## EXERCISE INSTRUCTIONS
For this exercise, return all the data word for word, with images left out.

## SOURCE DATA
• • •

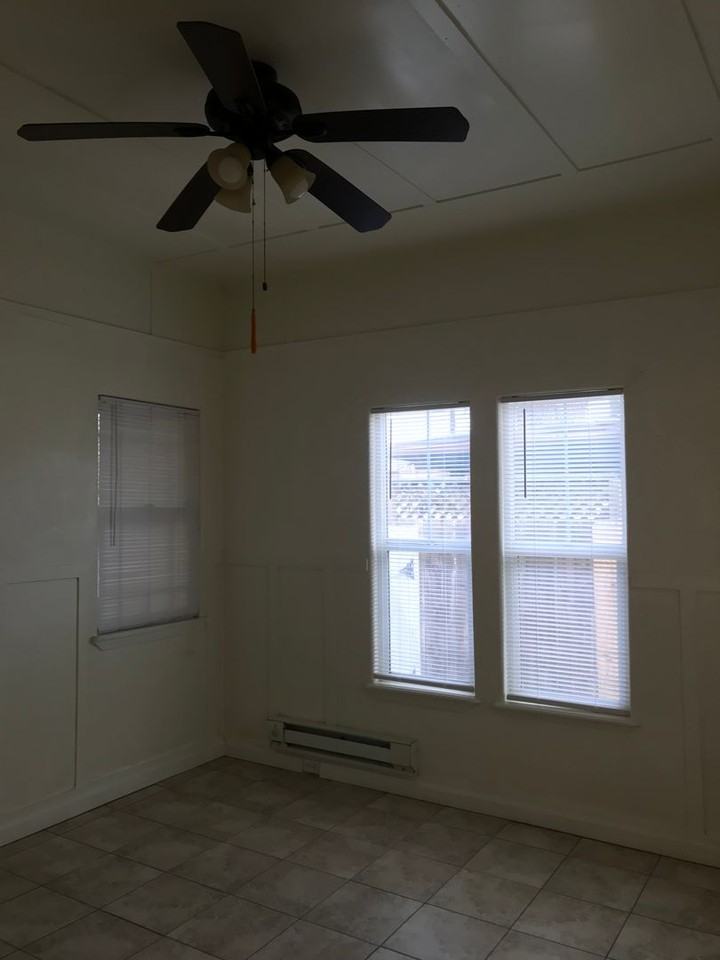 2169 11th St #B - Photo 3 of 16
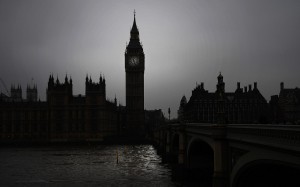 Βρετανία: Η αστυνομία ερευνά κι άλλο ύποπτο πακέτο στο κοινοβούλιο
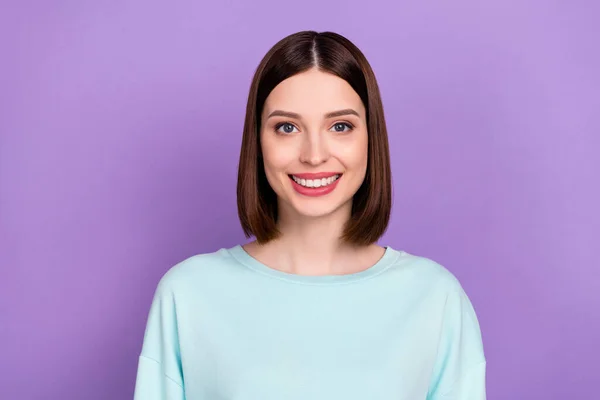 Foto Portret Lachend Meisje Dragen Blauwe Sweater Geïsoleerde Pastel Violette — Stockfoto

• • •

## THE ANSWER
 2169 11th St #B - Photo 3 of 16
 Βρετανία: Η αστυνομία ερευνά κι άλλο ύποπτο πακέτο στο κοινοβούλιο
 Foto Portret Lachend Meisje Dragen Blauwe Sweater Geïsoleerde Pastel Violette — Stockfoto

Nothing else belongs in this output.